WORK INSTRUCTIONS:
The lines below, from the one holding "버버리 베이지 페이즐리 문양 실크넥타이" through the one holding "Jella Haase, Marie-Lou", are to be restated word for word, with all images left out.

DATA SHOWN:
--*--

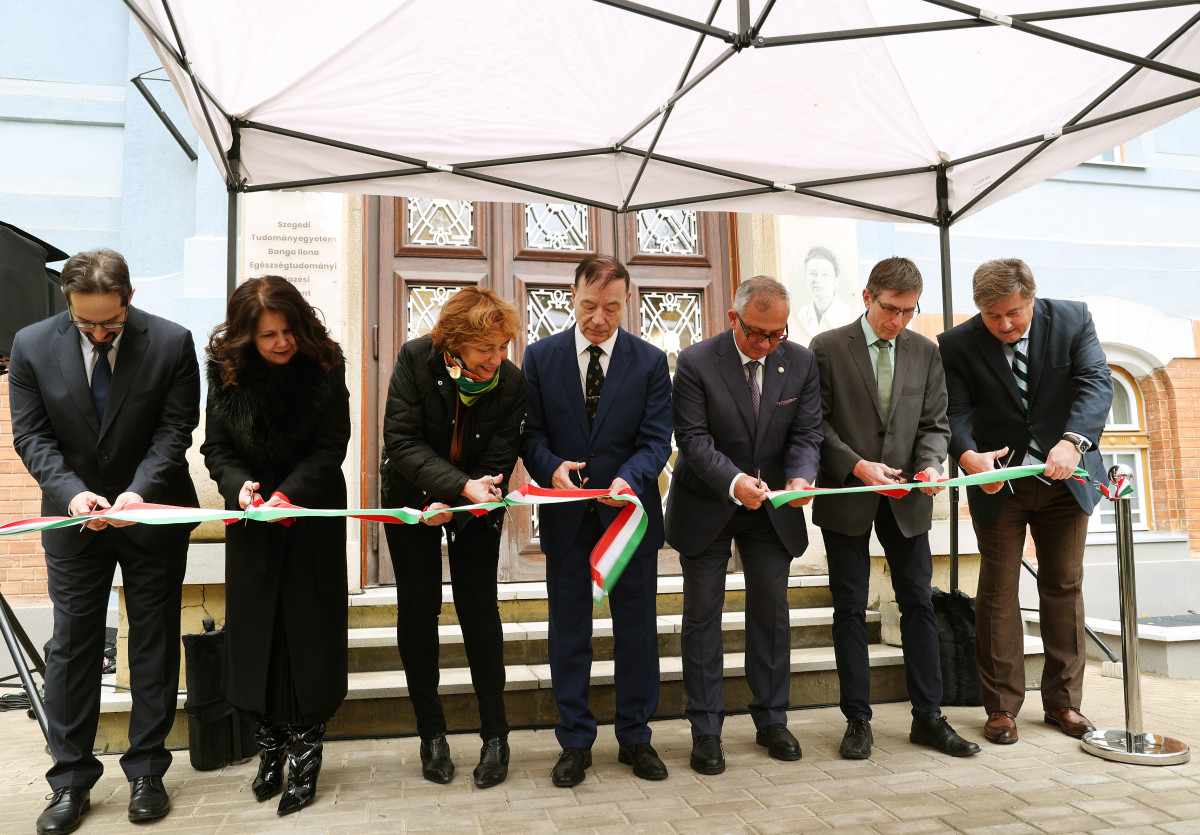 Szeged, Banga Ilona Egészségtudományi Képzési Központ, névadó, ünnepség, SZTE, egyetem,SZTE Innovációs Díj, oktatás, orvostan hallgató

--*--

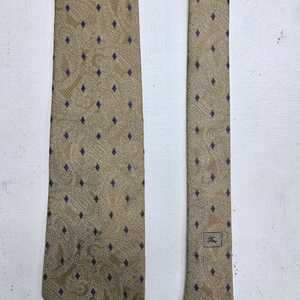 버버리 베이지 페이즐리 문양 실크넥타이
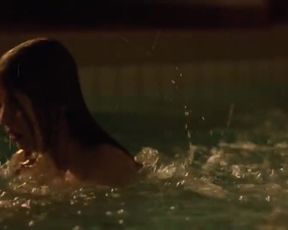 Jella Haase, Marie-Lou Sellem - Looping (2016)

--*--

SOLVED EXERCISE:
 버버리 베이지 페이즐리 문양 실크넥타이
 Jella Haase, Marie-Lou Sellem - Looping (2016)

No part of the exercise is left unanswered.